§ RECORDED DATA:
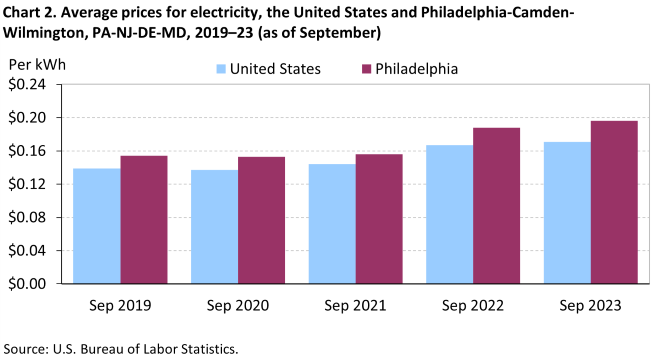 Chart 2. Average prices for electricity, the United States and Philadelphia-Camden-Wilmington, PA-NJ-DE-MD, 2019–23 (as of September)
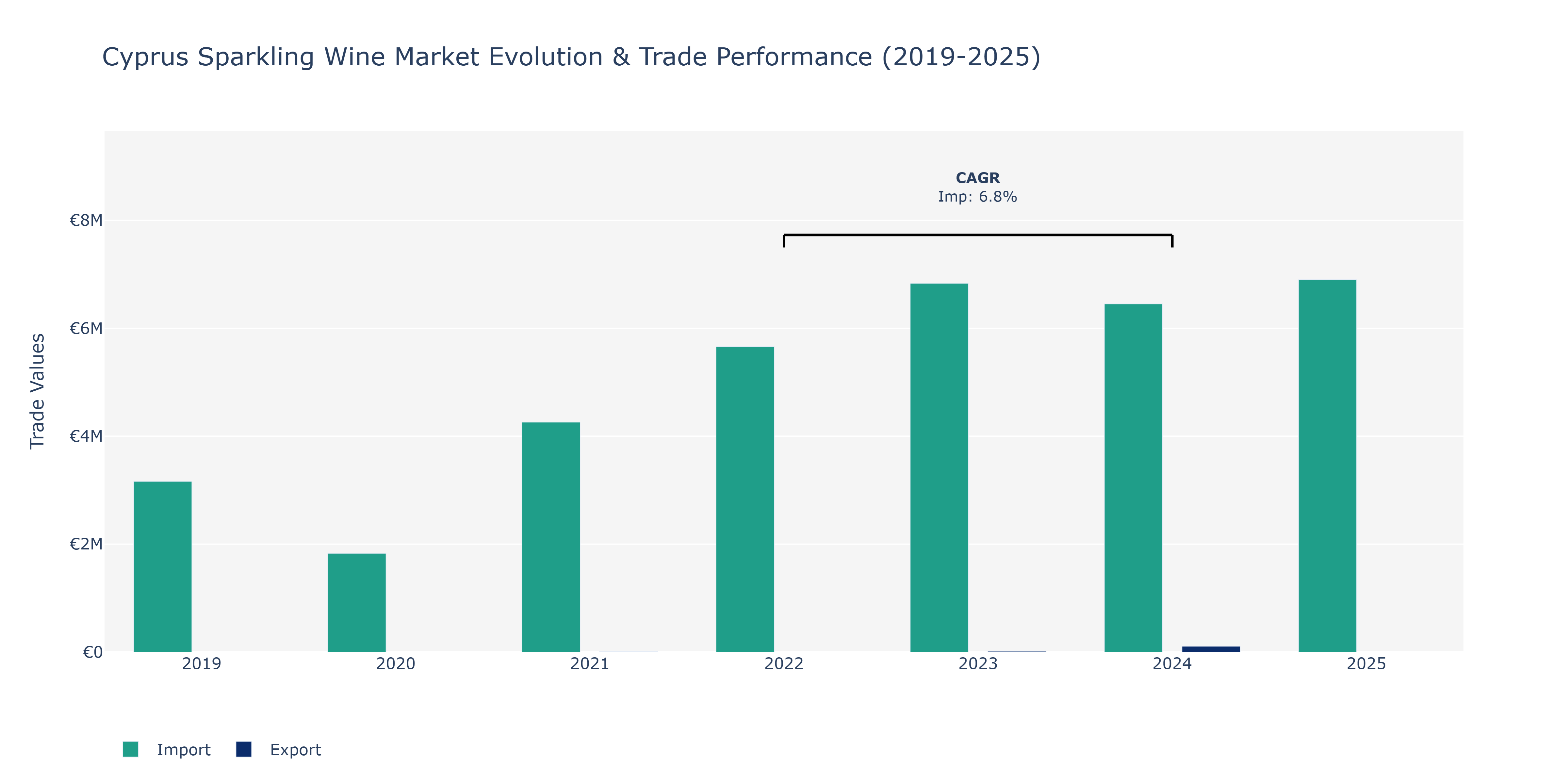 Cyprus Sparkling Wine Market: Production & Trade Performance (2019-2025)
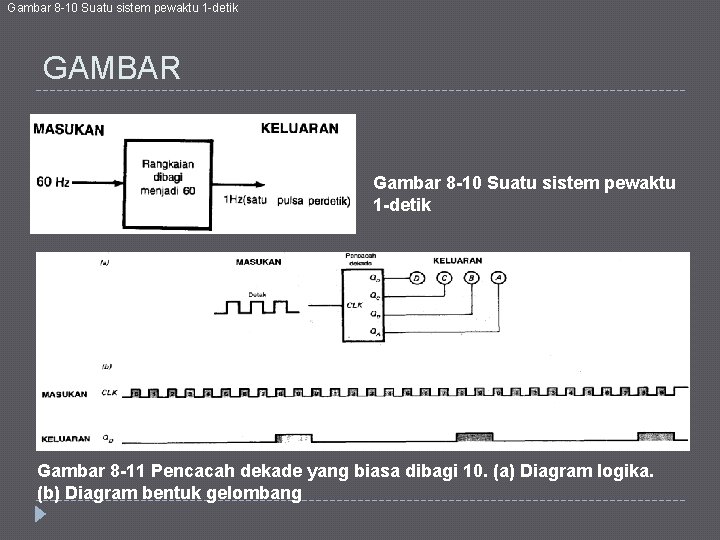 Gambar 8 -10 Suatu sistem pewaktu 1 -detik GAMBAR Gambar 8 -10 Suatu sistem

§ WORK TASK: Output the whole listing exactly. Pictures stay out.

§ EXPECTED ANSWER:
 Chart 2. Average prices for electricity, the United States and Philadelphia-Camden-Wilmington, PA-NJ-DE-MD, 2019–23 (as of September)
 Cyprus Sparkling Wine Market: Production & Trade Performance (2019-2025)
 Gambar 8 -10 Suatu sistem pewaktu 1 -detik GAMBAR Gambar 8 -10 Suatu sistem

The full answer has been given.